這一點最早要追溯到先帝著手肅清開國勳貴那時起。
但先帝的做法其實沒錯,倘若是謝遲坐在龍椅上,他也會這麼做。
立場不同罷了。
當今皇帝比起先帝少了一分果決, 也多了一分慈善, 可能是因為他空有一腔征戰沙場的美夢卻沒有能力,可能是因為與謝遲有了共同的秘密, 也可能是因為開國勳貴所剩無幾, 而朝中擅戰的將軍不多了……
總之,他待謝遲十分親厚。
噓寒問暖過後,皇帝就拉著謝遲問起他在霧隱山的所見所聞。
不同於詢問鍾遙、徐宿那時, 這會兒他問得非常細緻, 聽見賊寇的手段、惡童與深山中奇特的毒蟲野獸,時而震驚,時而面露憧憬, 瞧著像是恨不能去剿匪的人是他自己。
他若是去了,定然又是一個徐宿。
幸好經過前幾年那場仗後, 皇帝已經有了自知之明。
“這回該徹底剷除了吧?”
“還需派人前去頻繁巡查、教化百姓, 以防宵小賊人重新聚集……”
謝遲迴來得匆忙, 事情雖然安排妥當了,但不是自己親自盯著, 總有些不放心。
他與皇帝說了要給汪臨躍和秦將軍增派人手監守、鼓勵通商買賣以及薛枋的事情,末了,道:“還有一件關於大當家的事情,臣不能確定,需鍾三小姐施以援手。”

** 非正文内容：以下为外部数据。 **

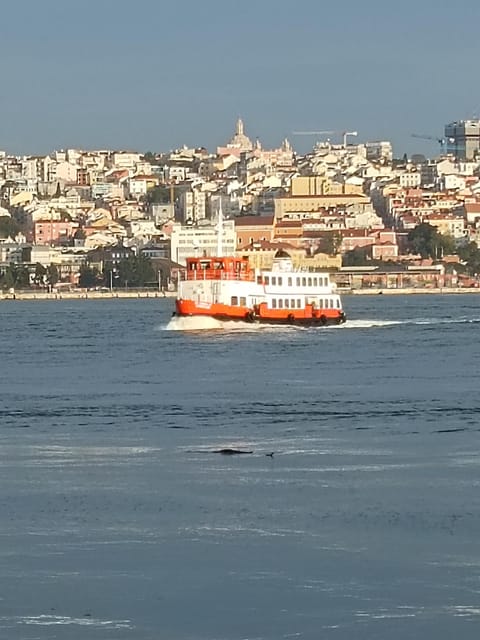 Lisbon: Belem, Jeronimos Monastery, and Coach Museum Tour - My call on booking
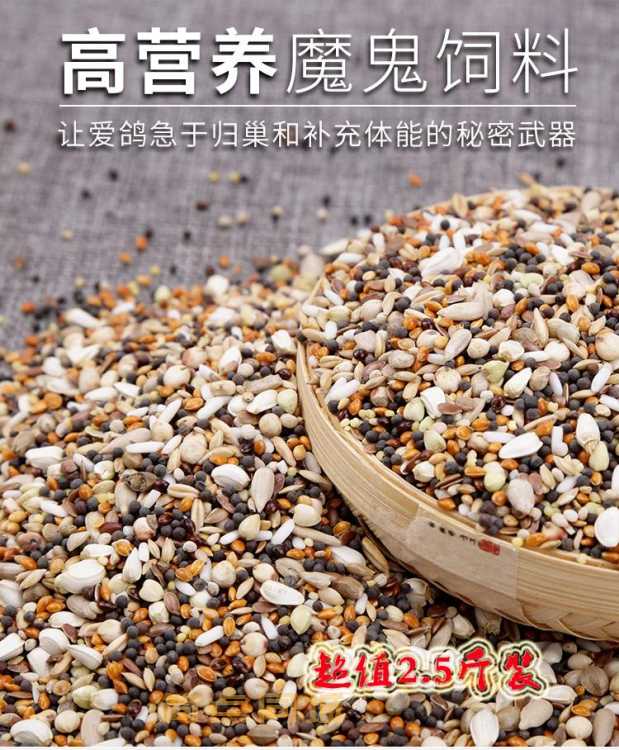 饲料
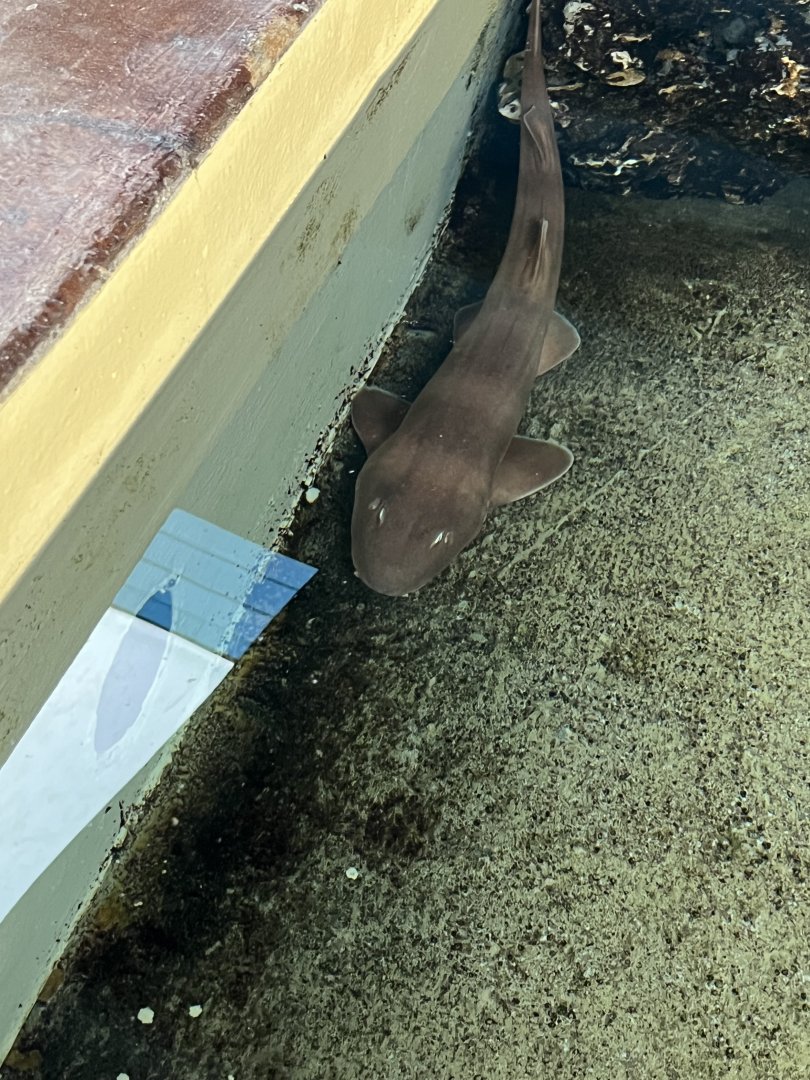 Brown-Banded Bamboo Shark
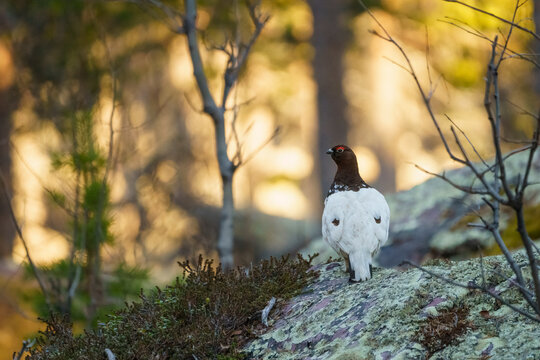 Willow ptarmigan, Lagopus lagopus in Stora sj&ouml;fallet national  park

皇帝聽後,笑說:“這該不會是你想出來的與她見面的藉口吧?”
謝遲:“……”
還真不是。
他若是真想找藉口,用鍾沭、鍾嵐、祖母, 哪個不行?
況且禮法也沒那麼嚴格,不至於定親的未婚男女見上一面都必須找個合理的藉口。
謝遲說的其實是正事,事情其實很簡單,只需要與鍾遙確定一下他有沒有記錯就好。
特意在皇帝面前提一句,只不過是想著萬一這事還有隱情,好讓皇帝多記一分鐘遙的功勞。
誰知他竟也這麼愛說閒話。
“太子說你看上了鍾家三小姐,朕原本是不信的,如今看來,還真讓太子說中了。”皇帝笑著說完,神情萎靡了些,感嘆道,“你這半年多不在京中,不知道太子與四皇兒鬧得有多僵……”
又開始了。
所以謝遲一直不願意與皇室中人有牽扯。
皇帝大意是說太子與四皇子鬧得僵硬,他這個做父皇的夾在中間左右為難,最後倆兒子都與他起了隔閡。
四皇子那邊起隔閡,他只是傷心。
太子這邊,皇帝則十分憂慮……他到底是年歲大了。
幸好有謝遲。
謝遲對他們父子倆來說,是一個非常安全、輕鬆、和睦的話題,謝遲的私事更是,而這話題毫無疑問是太子率先挑起的。
這父子起了隔閡,拿他與鍾遙的事情做緩和關係的紐帶?
謝遲很是不悅。
但凡數年前外出遊歷時認出了那人是太子,他絕不會與對方多說一句話。
幸好他早有準備,在皇帝暫停絮叨飲茶潤喉時,拿出了賊寇們慣用的致幻迷藥,皇帝一下子就被吸引了全部注意。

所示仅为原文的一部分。